Com Jackson, calados, conversaríamos
 

         Quando era menino, falava coisas de criança e ouvia assuntos de adultos. Meu próprio pai, Inácio, dizia ter visto alma, perambulando nas salas da casa e indo embora pelo quintal. Pouco variava a alma que ele via. Sempre era uma mulher esguia, alta, vestida de uma túnica comprida e branca, de cabelos também brancos e compridos, andando a passos largos e, vez ou outra, olhando para trás, como se estivesse chamando vivos a fazer-lhe companhia. Não via propriamente, porque espírito apenas se enxerga, avista-se ou se pressente, derrubando alguma caçarola ou abrindo alguma porta. Nunca tive medo dessas almas a mim descritas. Até hoje, pergunto-me por que ele, que contava essas histórias desses aparecimentos, não me apareceria para revê-lo? Desde que se foi, não me deu esse privilégio.
          Semelhante desejo tenho tido em relação aos amigos e amigas que se foram, e mais recentemente ao dileto Jackson Carneiro de Carvalho, com quem prazerosamente conversava, mas que, antes de falecer, durante sua enfermidade, deixou-nos, quinze anos, sem escutá-lo. Olhava-nos, mas permanecia sem pronunciar alguma palavra, tampouco que eu era eu. Implorava eu pelo menos um sorriso, mas ele mantinha seu olhar dirigido ao horizonte dos seus olhos, como se mirasse, filosoficamente, o infinito. E eu ali, bem perto. Esse também parecia o sofrimento de quem o visitasse e esperasse tal reconhecimento. Sempre uma visita de prolongado e ininterrupto silêncio.

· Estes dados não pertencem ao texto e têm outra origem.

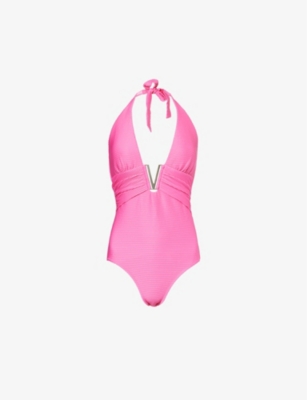 HEIDI KLEIN: Tulum V-bar halterneck swimsuit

          O silêncio em si não é problema, tampouco angustia quem o compreende em profundidade. Assim, torna-se linguagem do mais puro diálogo, e reconfirma, através das experiências vividas, profundas amizades, consequentemente daqueles que se amam. Nessas circunstâncias, o silêncio nos livra da equivocidade da palavra e não conturba à realidade a adequação da verdade. Daí é que respeito a imperturbabilidade do silêncio, pois nele se pondera o valor dos instantes e amadurece o que virá depois, com o advento da palavra. Nesse sentido, mesmo calados, podíamos conversar com Jackson. E entreolhando-nos, talvez, houve conversas. Bastaria recordar os caminhos vividos, nos nossos estudos, nas viagens e nos retornos à Universidade, à educação e à cultura. Foi um mundo que se projetava às estradas a se viverem. Enfim, lamentavelmente, Jackson morreu, lutando, palmo a palmo da sua existência, contra o padecimento do corpo. Epicuro, nos seus jardins filosóficos, predicava que somente a morte nos liberta, definitivamente, das eventuais dores que podemos sofrer em vida. Ainda assegura que a felicidade é a ausência da dor, que podemos gozar em vida.

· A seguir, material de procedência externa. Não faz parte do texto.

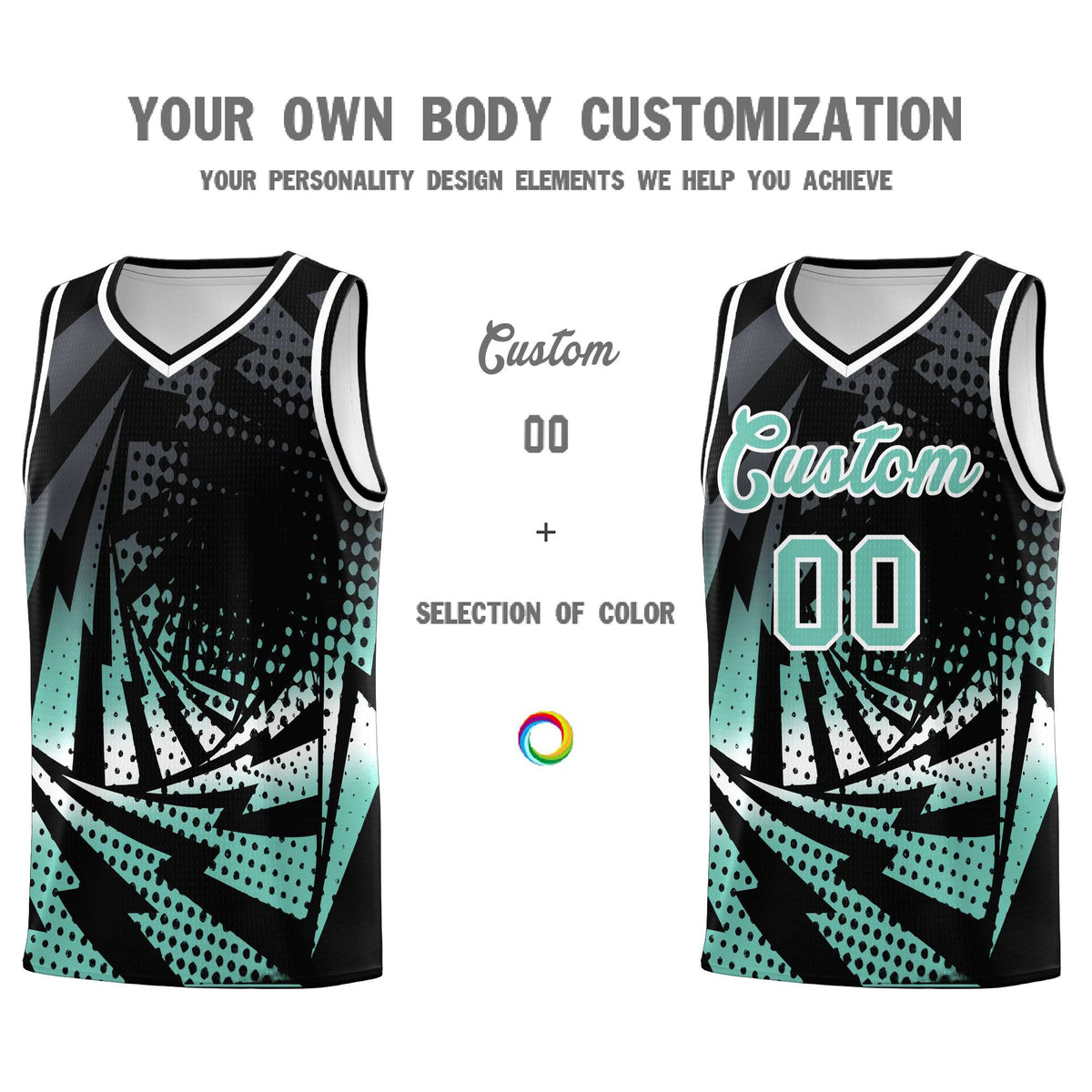 Custom Youth Basketball Jerseys Black Bright Green Lightning Halftone Personalized Team Uniforms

         Talvez os mortos, já experimentando o silêncio que lhes consagra o paraíso, não desçam ao nosso encontro, por ainda morarmos em cidades, cheias de futilidades, a cada dia, mais barulhentas, constantemente cometendo o crime de matar o silêncio, até mesmo em plena madrugada. Mesmo assim, desejaria conversar, conversar com os mortos; sinceramente não chego a apagar os WhatsApp deles. Sim, eles falariam mais revelações do que as costumeiras infernais zoadas e os banais barulhos. Todavia, aceitaria um reencontro no campo, longe das inúmeras casas e bares; perto do horizonte, em que se enquadrariam água, árvores, animais e pássaros dessa epicurista Mãe Natureza. Desejaria voltar a conversar com Jackson; ele tem poderes para isso, apenas é suficiente reaparecer, e calados, conversaremos. O que poetisa, em  O constante diálogo, Carlos Drummond de Andrade: “Mesmo no silêncio e com o silêncio, dialogamos”.